Realpolitik y contenciosos diplomáticos

Los balances que al menos anualmente vengo haciendo sobre nuestros contenciosos diplomáticos, tras medio siglo de dedicación, quizá permitan y obliguen a constatar su creciente déficit, que en el caso del Sáhara, al cumplirse ahora su cuarenta y cinco aniversario, en letras y en números, resulta antológico al pretender, en la dialéctica principios e intereses, atenuar la indeclinable responsabilidad histórica en base a la creación de “un colchón de intereses mutuos”, acertada formulación de los teóricos socialistas en los 80, ante la envergadura de la problemática de la siempre deseable buena vecindad con Marruecos, pero que tropieza con la segunda parte de la proposición, “la política de Estado”, su inmutabilidad, entre otros argumentos, porque ningún estado y menos Espana, que figura a justo título, quizá al mejor, la introducción del humanismo en el derecho de gentes, entre las fundadoras del derecho internacional, debería de intentar cubrirse, puesto que lo verdaderamente intocable, si se quiere que las relaciones internacionales sean totales y armónicas, son los principios.

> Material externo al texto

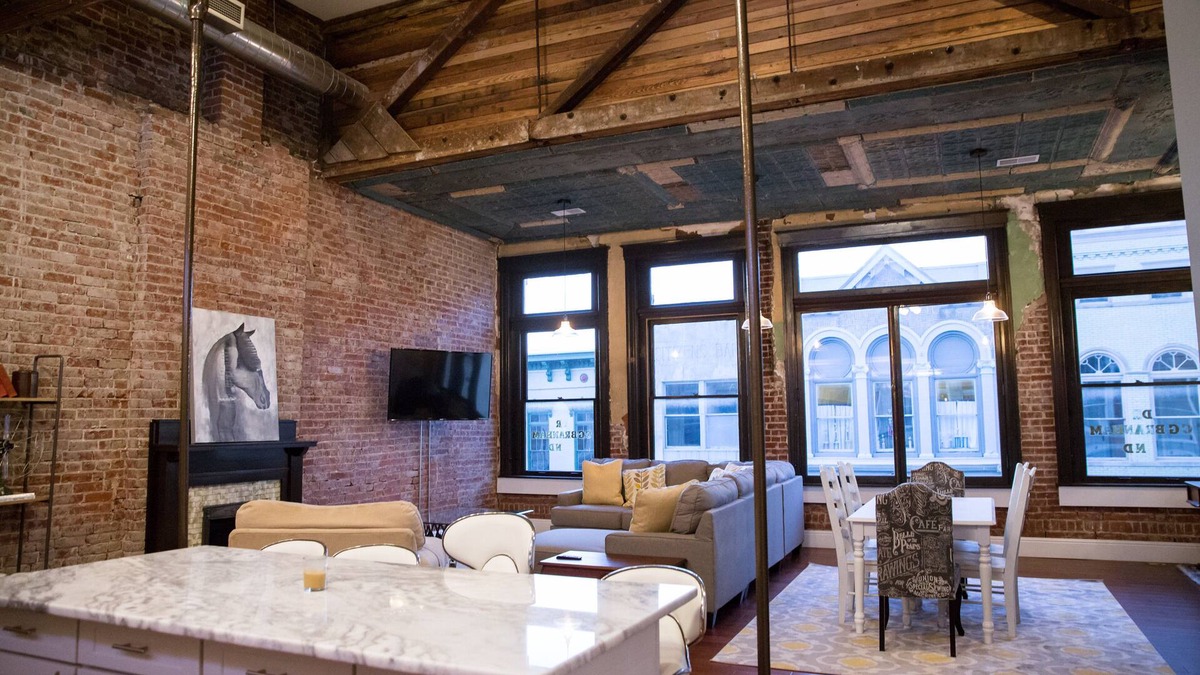 Shelbyville Apartment | LeCoop Ultra Luxury 2 bed Loft on Bourbon Trail.Close to BuffaloTrace and others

El cuadro de situación es muy claro, con la ONU hoy, tras no se sabe cuántos meses, sin representante del secretario general. Frente a la RASD, reconocida por 80 estados; miembro de la UA y observador en Naciones Unidas, es decir, constituyendo una realidad incuestionable e inextinguible pero sin fuerza suficiente para forzar una solución militar, el reino Alauita, controlador efectivo del territorio, con el blessing del Grupo de Amigos, y sólo contestado desde instancias inoperantes aunque sí populares, en otra situación corregible, como he estudiado en Las relaciones internacionales parciales y el mito de la democracia internacional, incluido en mi clásico Diplomacia y relaciones Internacionales, que a finales de los sesenta debió de parecer demasiado precursor en la universidad de Salamanca, cuna inmarcesible de la Escuela espanola de derecho internacional.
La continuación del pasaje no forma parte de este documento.